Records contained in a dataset
Content starts

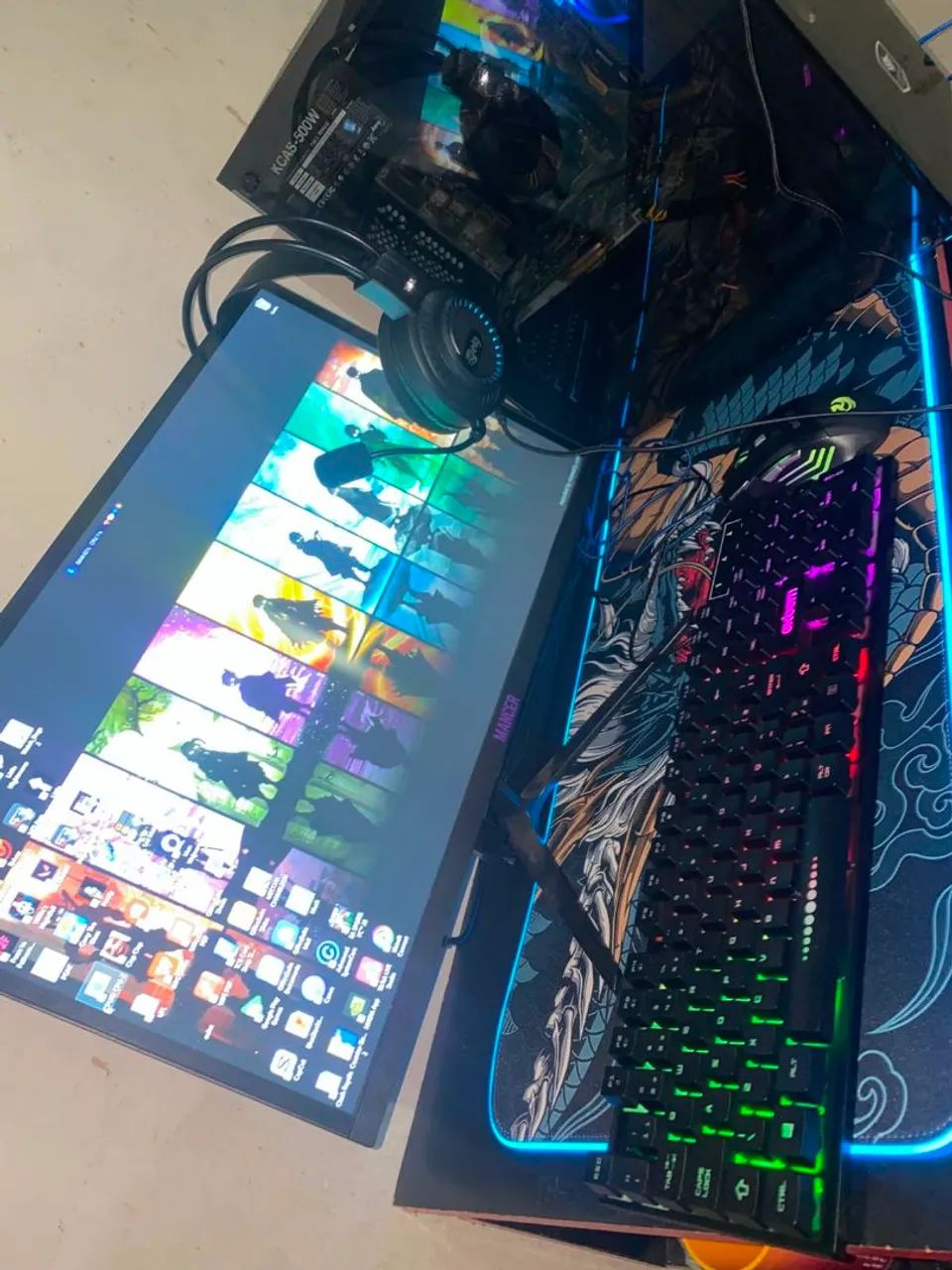 PC GAMER COMPLETO  - Foto 5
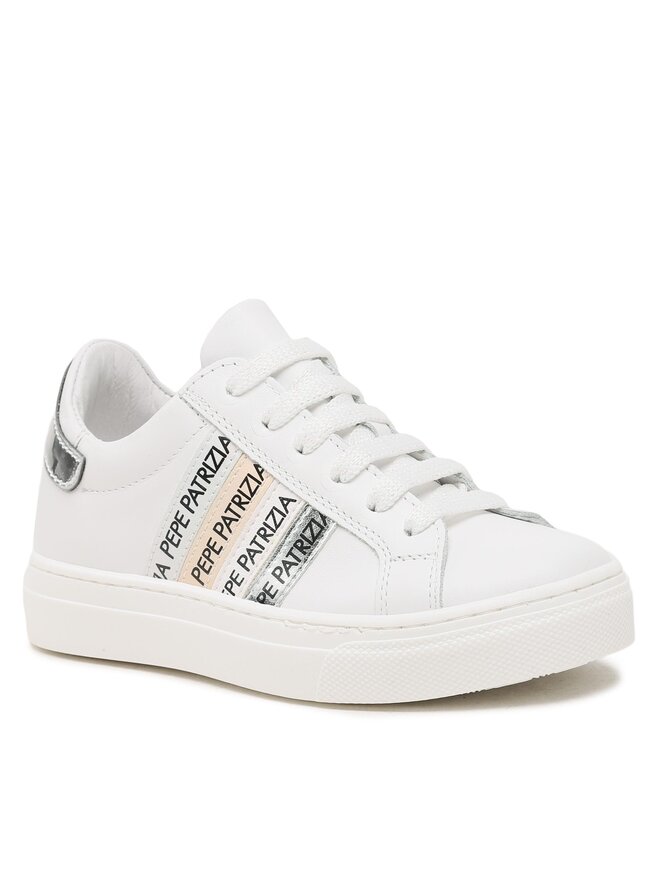 Patrizia Pepe Sneakers Patrizia Pepe PJ204.10 M Bianco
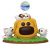 POP Deluxe: Dug Days- Dug Covered in Puppies Exclusivo Weplay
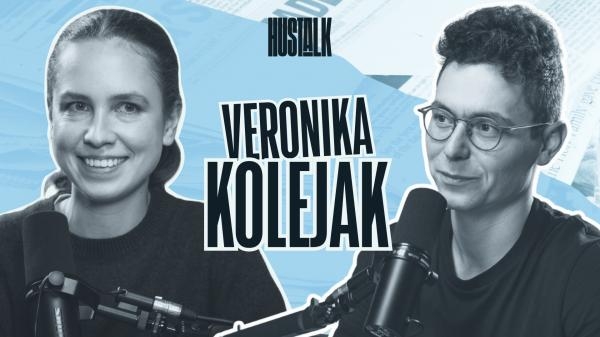 Veronika Kolejak v HusTalku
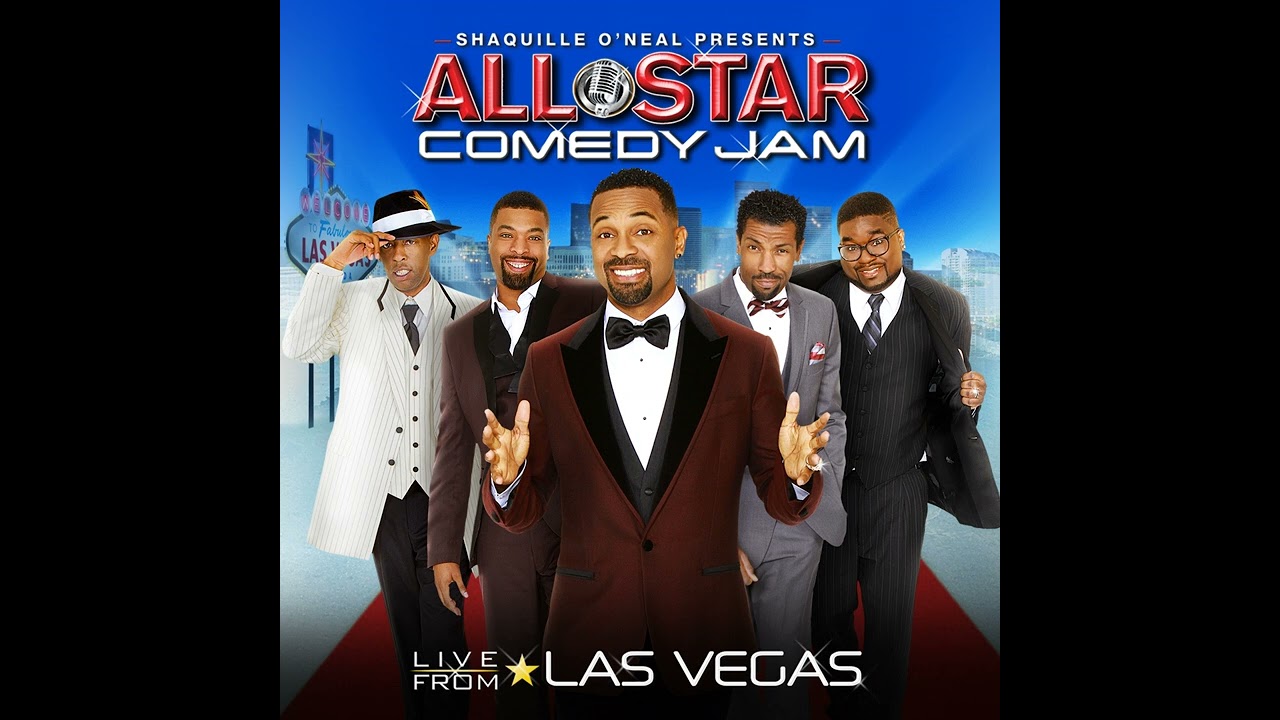 Deon Cole | Let Me Tell You Something - Shaquille O'Neal Presents: All Star Comedy Jam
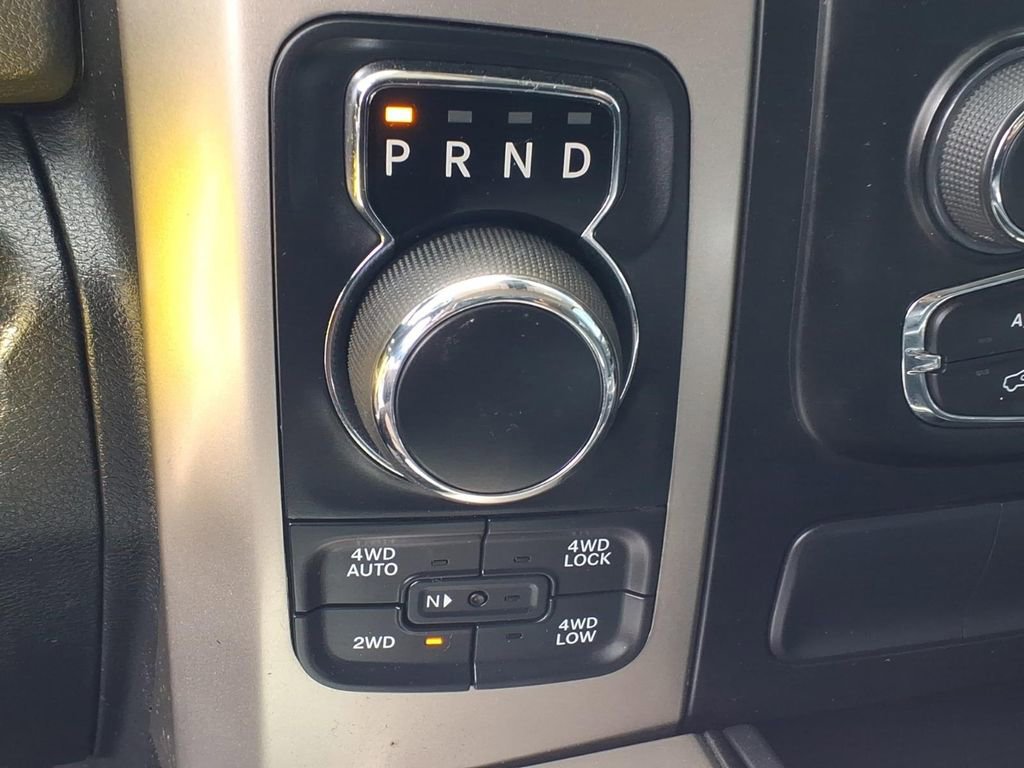 Used 2018 RAM 1500 Big Horn AWD/4WD image 9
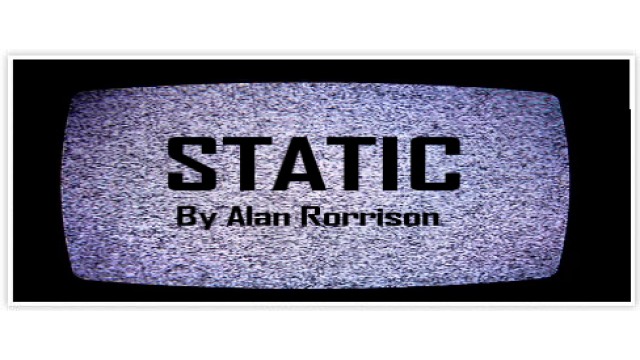 Static by Alan Rorrison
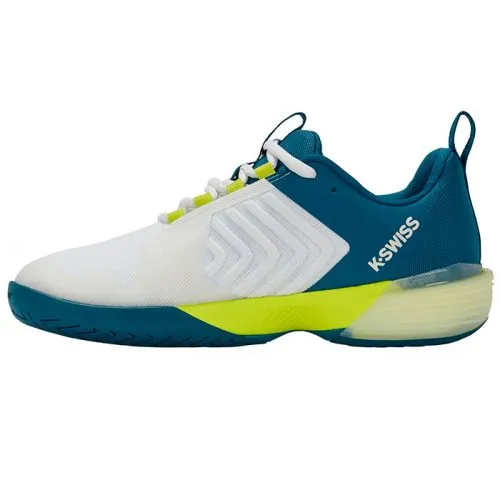 ZAPATILLAS KSWISS ULTRASHOT 3 BLANCASAZULES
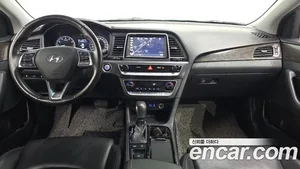 Hyundai Sonata, 2017 — миниатюра 7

Content ends

» **WHAT NEEDS TO BE DONE**
Your answer must be an exact transcription of every entry, minus the pictures.

» **COMPLETED TASK**
 PC GAMER COMPLETO  - Foto 5
 Patrizia Pepe Sneakers Patrizia Pepe PJ204.10 M Bianco
 POP Deluxe: Dug Days- Dug Covered in Puppies Exclusivo Weplay
 Veronika Kolejak v HusTalku
 Deon Cole | Let Me Tell You Something - Shaquille O'Neal Presents: All Star Comedy Jam
 Used 2018 RAM 1500 Big Horn AWD/4WD image 9
 Static by Alan Rorrison
 ZAPATILLAS KSWISS ULTRASHOT 3 BLANCASAZULES
 Hyundai Sonata, 2017 — миниатюра 7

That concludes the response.